This won't directly answer the question, but here are some things a mathematician who wants to learn about statistics should learn:
- When is a random variable a statistic and when is it not? (A statistic is an observable random variable. For example $X - E(X)$ is not a statistic if the "population average" $E(X)$ is not observable.
- Fisher's concept of sufficiency. Examples, characterizations, theorems. In particular, the Rao--Blackwell theorem and examples of its use. That's way cool.
- So is the concept of completeness and the Lehmann--Scheffe theorem.
- If you think that linear regression is called linear because you're fitting a line, then you are naive. If you're fitting, e.g., a parabola by finding least-squares estimators of three parameters, then you're doing linear regression. There is also such a thing as non-linear regression.

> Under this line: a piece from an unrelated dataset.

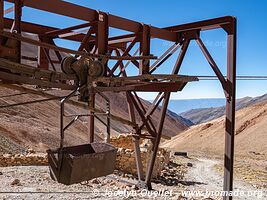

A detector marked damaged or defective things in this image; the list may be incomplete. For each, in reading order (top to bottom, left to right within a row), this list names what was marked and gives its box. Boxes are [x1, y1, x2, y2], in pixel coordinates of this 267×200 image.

rusty metal bucket [46, 143, 117, 185]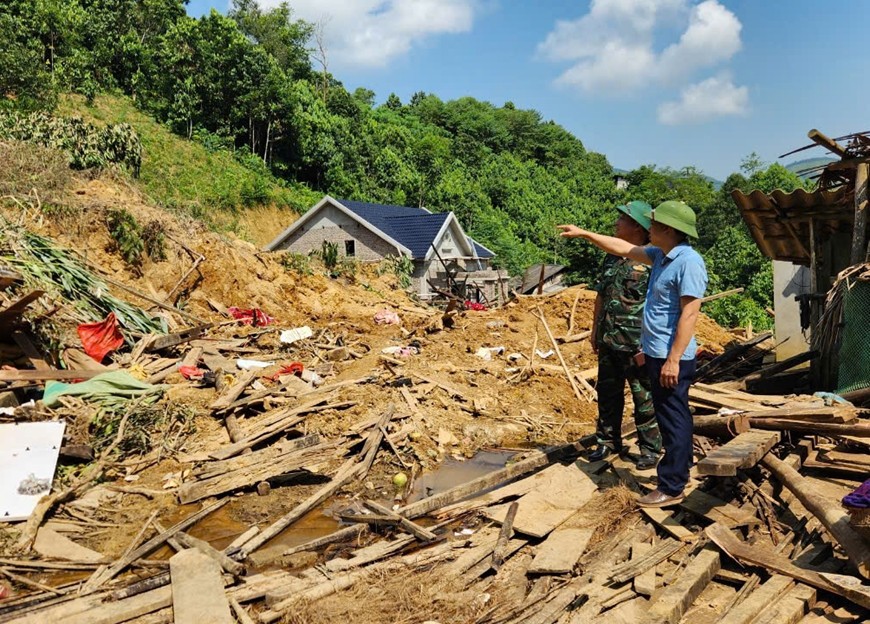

- Learn the Gauss--Markov theorem on Best Linear Unbiased Estimators (BLUEs).
- Look at my recent answer to a question on prediction intervals. Why do you need the (finite-dimensional version of) the spectral theorem to understand linear regression? (Look at the aforementioned answer and consider this question an exercise.)
- As long as we're on linear regression (the topic of the three bullets immediately above this one), look at the Wikipedia article titled "errors and residuals in statistics" (written mostly by me). Learn the difference between an error and a residual. Maybe look at "Studentized residual" as an afterthought.
- ....and then at "lack-of-fit sum of squares".
- If you think linear regression is child's play rather than something to which the most brilliant person could devote a long career in research, grow up.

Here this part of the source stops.